▶ **Requirement**: In the material below, the required lines run from the one containing "Recaudado en los" through the one containing "Becoming SONIC TRANSFORMERS With MY FRIENDS…". Copy those lines exactly, ends included, and nothing else.

Data supplied START

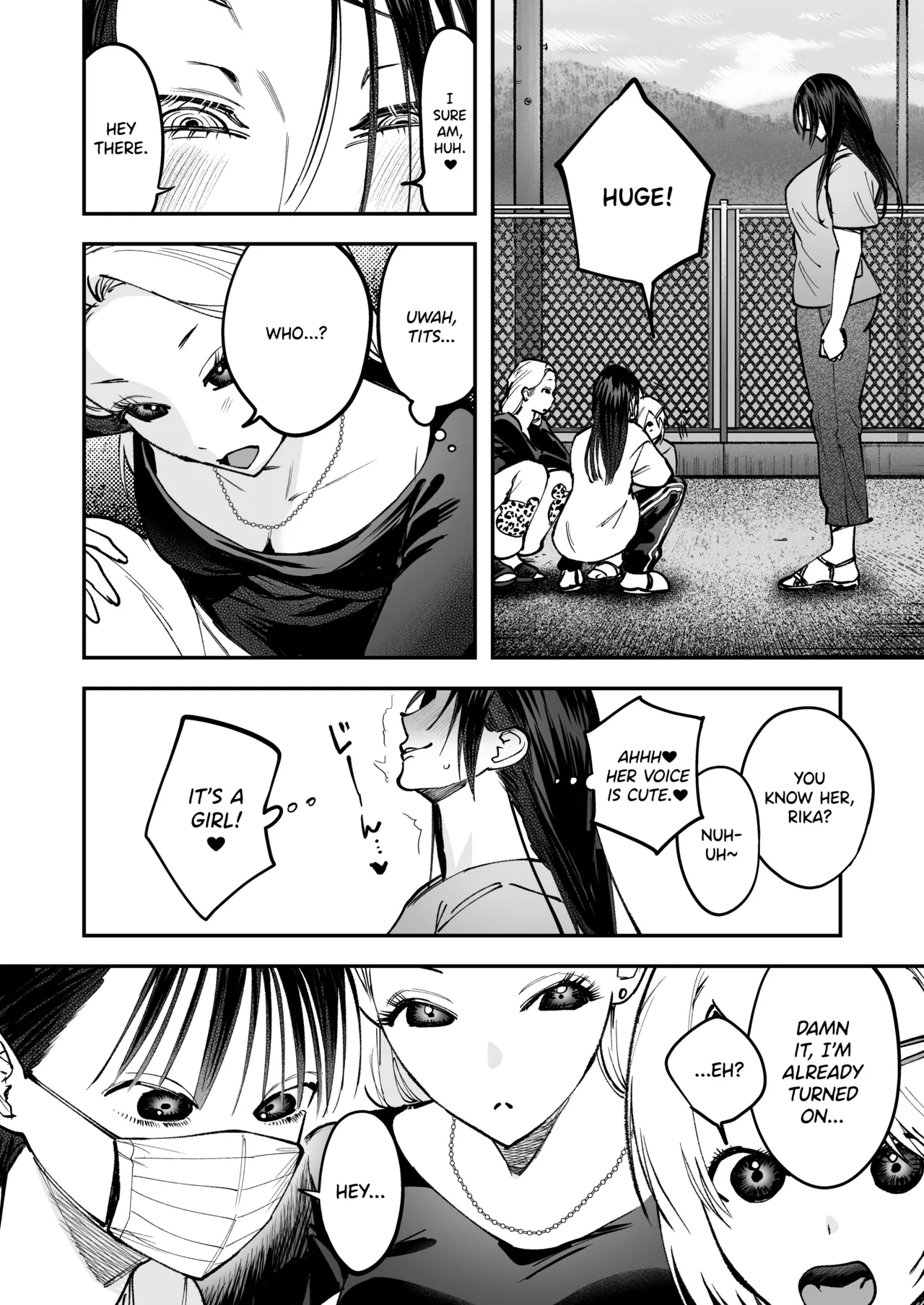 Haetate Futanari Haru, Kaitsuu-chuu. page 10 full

Data supplied END
Data supplied START

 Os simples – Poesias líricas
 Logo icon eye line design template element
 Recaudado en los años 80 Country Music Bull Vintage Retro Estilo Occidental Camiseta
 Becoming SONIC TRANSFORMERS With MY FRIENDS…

Data supplied END

▶ **Exercise answer**:
 Recaudado en los años 80 Country Music Bull Vintage Retro Estilo Occidental Camiseta
 Becoming SONIC TRANSFORMERS With MY FRIENDS…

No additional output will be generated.